Collected data entries
++++++++++
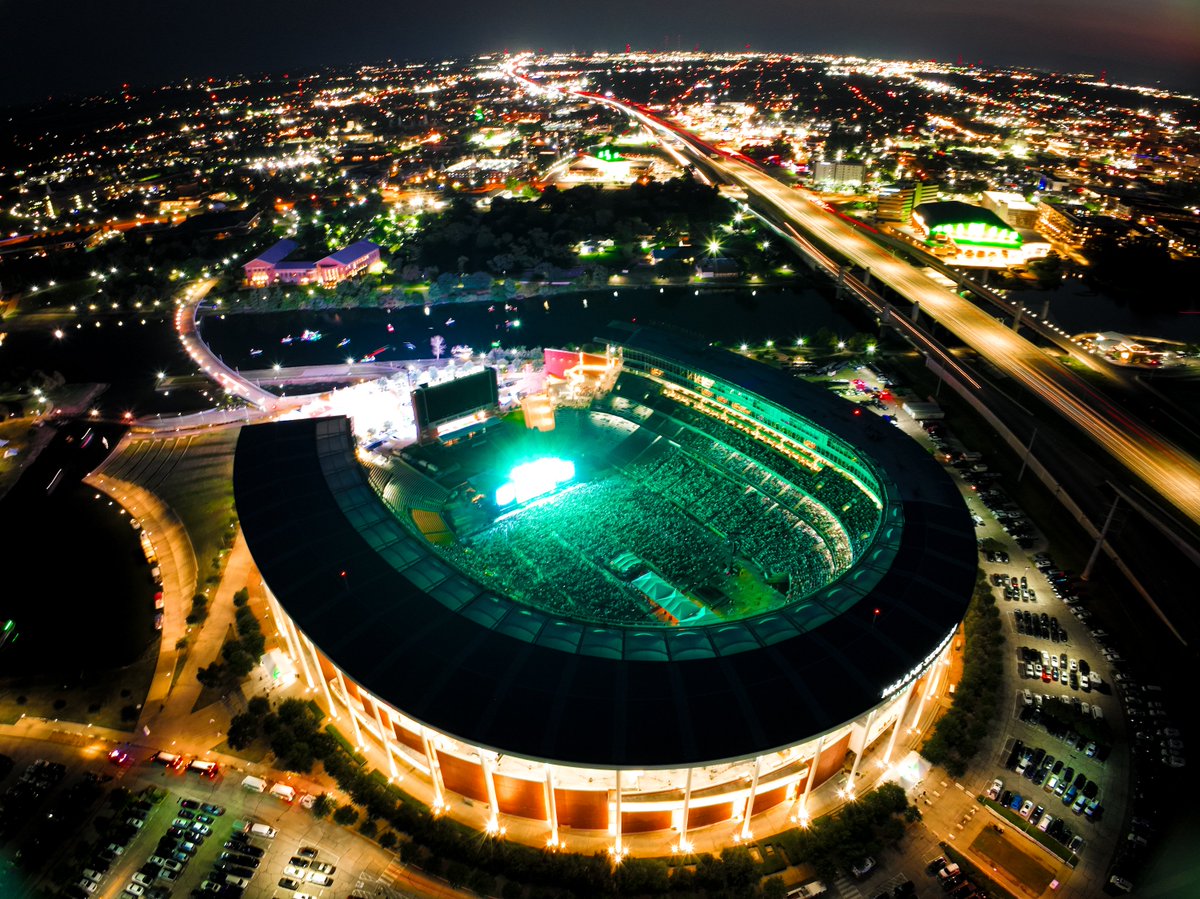 Baylor University (@baylor) on Twitter photo 35,000+ country music fans.
One <a href="/McLaneStadium/">McLane Stadium</a> stage.
Infinite memories.
Thankful to be able to welcome so many visitors to our hometown. This one's for you, Waco. ✨ 35,000+ country music fans.
One <a href="/McLaneStadium/">McLane Stadium</a> stage.
Infinite memories.
Thankful to be able to welcome so many visitors to our hometown. This one's for you, Waco. ✨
++++++++++
- Work order -
Starting from the records above, copy each line where the string "hometown" is found.

- Task answer -
Thankful to be able to welcome so many visitors to our hometown. This one's for you, Waco. ✨ 35,000+ country music fans.
Thankful to be able to welcome so many visitors to our hometown. This one's for you, Waco. ✨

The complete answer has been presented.